JAM, Assad interview sucked. The guy was worried, you could tell by the way he was playing with his hands and flipping to Arabic when he was stressed. His arguments were weak: "why would I kill Hariri if he was our ally" etc... etc... I love the part where he said, I am not a dictator, my authority comes from the constitution.

He's a moron. You don't talk to the world public opinion with BS arguments. He should use this sovietic style with the Syrian press only.

He's not a good orator that's for sure.

At 10/12/2005 10:49:00 PM, Blogger Nur-al-Cubicle said...

An Intelligence Chief is necessarily very close if not joined at the hip to the very core of power. He knows everyone's intimate details. It's unbelievable that an assassin could get close enough to kill him, except his own staff. But why should he die? 1,001 conspiracies come to mind.

At 10/12/2005 10:52:00 PM, Blogger Kirk H. Sowell said...

Click here to check out a hilariously apt cartoon in the Arab newspaper Al-Quds al-Arabi. Remembering that Arabic reads from right to left, the four captions are translated as follows: "Suicide by the Russian Method"; "Suicide by the Japanese Samarai Method"; "Suicide by the French Method"; "Suicide by the Syrian Method." The "Syrian Method, " of course, is the one showing the guy being tied up and shot in the head.

At 10/12/2005 11:02:00 PM, Blogger Kirk H. Sowell said...

This whole matter reminds me of the article in Slate I read once that said that Americans imagine the world filled with evil genuises from watching movies.

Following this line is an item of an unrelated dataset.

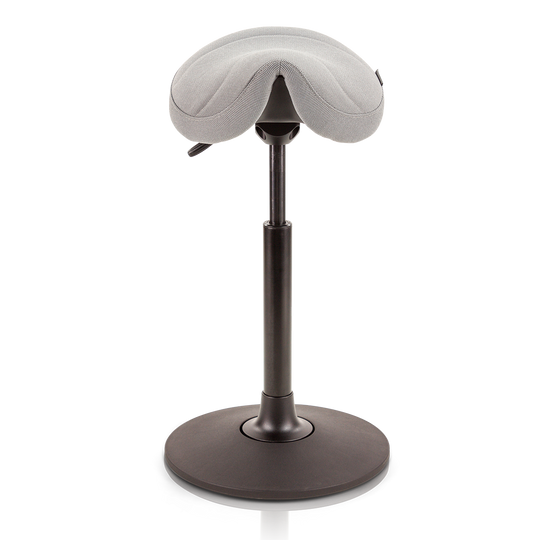 light grey saddle chair with black base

But Bashar Assad is no Evil Genuis. He's an Evil Moron. Just like Saddam, who thought he could beat Iran in the 1980s, thought America wouldn't care if he took Kuwait, and thought Bush wouldn't really depose him. But Bashar has just made one mistake after another. I listened to the interview on CNN and Bashar, Evil Moron of Syria, did not come off credible at all. He can't seem to get anything right.

KHS, Arab World Analysis

At 10/12/2005 11:35:00 PM, Blogger adonis syria said...

This post has been removed by a blog administrator.

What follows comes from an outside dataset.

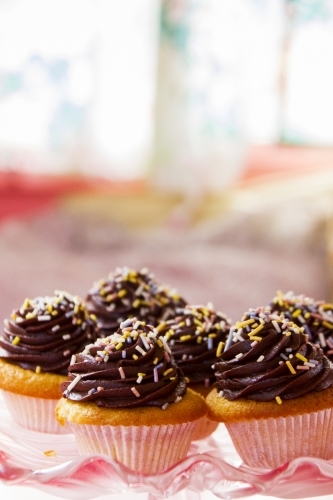 Cupcakes on Pink Cake Stand - Australian Stock Image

At 10/12/2005 11:36:00 PM, Blogger adonis syria said...

This one is not bad too.

Asad: We don’t have this history of assassination in Syria .


At 10/13/2005 07:18:00 AM, Blogger GottfriedStutz said...

Josh, it took me some time to realise why, despite the very interesting blog entry you made, it bothers me. It's the title. "The most senior Alawi". I'm not sure that the emphasis on Kanaan's religion is relevant. It may even be a bit misleading in the sense that his rank as an officer may have been more important than his faith.

At 10/14/2005 12:41:00 AM, Blogger الدومري السوري said...

Foreign Minister Al-Shareh said that Kana'n caved under the Lebanese media pressure.
Believe that and you would believe anything.
See what I mean by visiting my blog.

At 10/14/2005 07:05:00 AM, Blogger lebo said...

You gotta love all the news/rumours springing left and right after Kanaan's death. That media pressure nonsense that Al-Share'e mentioned yesterday is just another diversion for the naive Syrian population (that's after a major slip of tongue at Kanaan's funeral mentioning the latter's death, twice, as an assassination, before finally correcting himself). There was also another stupidity reported in Lebanon's AlDiyar newspaper of a possible lawsuit by Kanaan's family against a Lebanese TV station after the airing of a report on Kanaan's meeting with the Hariri assassination UN investigation team. What a pile of rubbish! Knowing the ways of the Syrian intelligence, I think it's quite obvious that his life was taken to create a kink in the link leading upwards to the Syrian head of intelligence Asef Shawkat or Asad himself. An Arabic leader committing suicide? I have yet to see that.